Aprestadas as forças paulistas, reunidos os esforços, vontade, entusiasmo e os meios necessários, marcharam para as terras das Gerais os bandeirantes, sob o comando de Amador Bueno da Veiga, havendo, no entanto, sido desnecessário terçar as armas, face à capitulação dos emboabas, sob o comando de Caldeira Brandt.

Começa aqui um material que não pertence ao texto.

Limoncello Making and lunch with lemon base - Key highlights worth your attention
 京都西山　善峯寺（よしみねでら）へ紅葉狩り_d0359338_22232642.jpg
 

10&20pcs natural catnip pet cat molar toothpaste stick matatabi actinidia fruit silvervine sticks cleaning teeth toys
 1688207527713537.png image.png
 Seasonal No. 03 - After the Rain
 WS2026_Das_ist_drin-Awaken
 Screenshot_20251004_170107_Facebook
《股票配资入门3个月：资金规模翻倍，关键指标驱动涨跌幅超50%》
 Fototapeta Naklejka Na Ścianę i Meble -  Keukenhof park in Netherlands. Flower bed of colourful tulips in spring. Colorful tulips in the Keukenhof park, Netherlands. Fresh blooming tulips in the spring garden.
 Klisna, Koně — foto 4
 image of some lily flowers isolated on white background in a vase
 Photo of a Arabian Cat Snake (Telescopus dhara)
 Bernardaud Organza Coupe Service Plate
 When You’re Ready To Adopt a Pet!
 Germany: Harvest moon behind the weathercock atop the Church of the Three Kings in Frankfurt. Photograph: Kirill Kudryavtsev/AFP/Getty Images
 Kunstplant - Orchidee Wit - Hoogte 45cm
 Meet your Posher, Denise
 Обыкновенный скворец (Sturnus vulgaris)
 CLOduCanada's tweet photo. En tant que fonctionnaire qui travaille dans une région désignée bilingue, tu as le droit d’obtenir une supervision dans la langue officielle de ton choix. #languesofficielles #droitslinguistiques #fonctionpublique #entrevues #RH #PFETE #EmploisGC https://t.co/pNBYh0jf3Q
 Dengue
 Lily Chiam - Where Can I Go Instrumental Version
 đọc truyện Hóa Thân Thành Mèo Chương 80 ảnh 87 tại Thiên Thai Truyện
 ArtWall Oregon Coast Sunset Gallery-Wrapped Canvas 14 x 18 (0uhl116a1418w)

Maculada a honra de São Paulo pelo sangrento episódio do Capão da Traição, regressaram as forças paulistas, havendo-a restaurado, recebidos à sua volta pelas mesmas matronas, viúvas, esposas, donzelas, prometidas e noivas que lhes haviam feito sentir que não só aos homens, mas também a elas lhes causara vergonha a desumanidade e crueza dos eventos.

Notas e Referências

[1] ALENCAR, Expedito Ramalho de. História do Estado de São Paulo. Campinas: Komedi, 2009, 2ª ed., p. 76, distingue entre o bandeirismo apresador, dedicado à busca de indígenas para escravizá-los, que predominou no período no período da União Ibérica (1580 a 1640), o bandeirismo de contrato, que mediante ajustamento com os poderosos de então punha os bandeirantes ao serviço de senhores para combater as resistências dos índios e para destruição dos quilombos e o bandeirismo prospector, buscando ouro e pedras preciosas, que começara com a mineração do pico do Jaraguá, em São Paulo de Piratininga e levara os bandeirantes a desbravar e concretizar seus objetivos nas terras de Mato Grosso, Goiás e principalmente nas das Minas Gerais.
[2] MENEZES, Raimundo de. Histórias da História de São Paulo. São Paulo: Melhoramentos, 1954, p. 93.
[3] MATTOS, Odilon Nogueira de. A Guerra dos Emboabas. In: História Geral da Civilização Brasileira – I – A Época Colonial- 1 – Do descobrimento à expansão territorial. Direção de Sérgio Buarque de Holanda. São Paulo: DIFEL, 1960, p.297.
[4] ROMEIRO, Adriana. .  Acesso: 24/10/2011.
[5] MATTOS, Odilon Nogueira de. Op. Cit. p.299, nota (2), refere à discordância entre os autores quanto ao significado do termo, dando-o, alguns, como ave de pernas cobertas de penas (alusão aos europeus que usavam botas), outros, como forasteiro, estrangeiro, ou até inimigo, inicialmente designativo dos portugueses, cabendo registrar ainda que no Houaiss (2001), se lhe dá etimologia controvertida, talvez do Tupi, epíteto aplicado não a um indivíduo, mas a um grupo, um bando de agressão, referindo ainda como sinônimos e variantes boaba, boaoa, buaoa, emboaoa, embuaba, imbuava.
[6] .  Acesso: 24/10/2011.
[7] ELLIS JR., Alfredo. A Madrugada Paulista Lendas de Piratininga. São Paulo: Editorial Paulista, 1934, p.214.
[8] DONATO, Hernâni, Dicionário das Batalhas Brasileiras. São Paulo: IBRASA, 1996, 2ª ed., p.243.
[9] Neste relato, daqui por diante, nos louvamos em Raimundo de Menezes e suas citas de Julio Ribeiro. MENEZES, Raimundo. Aconteceu no Velho São Paulo. São Paulo: Saraiva, 1954, p.73.

Um comentário

  1. Parabenizo o amigo e confrade Agostinho Tavolaro pelo artigo, de expressão clara, informações cuidadosas, e, o que para mim é ainda melhor, capaz de provocar debates e reflexões – comigo, pelo menos. Como meus camaradas campinenses sabem, estou sempre pronta a refletir sobre o tema “mulher”, sobre as circunstâncias históricas em que vivemos. Seria interessante, creio, comparar os tempos, o daquele bandeirantismo , e o nosso – poderia, a mulher de hoje adotar semelhante comportamento, inerente ao tipo de sociedade, família, etc, em que estavam nossas tataravós inseridas? Fica aí a sugestão.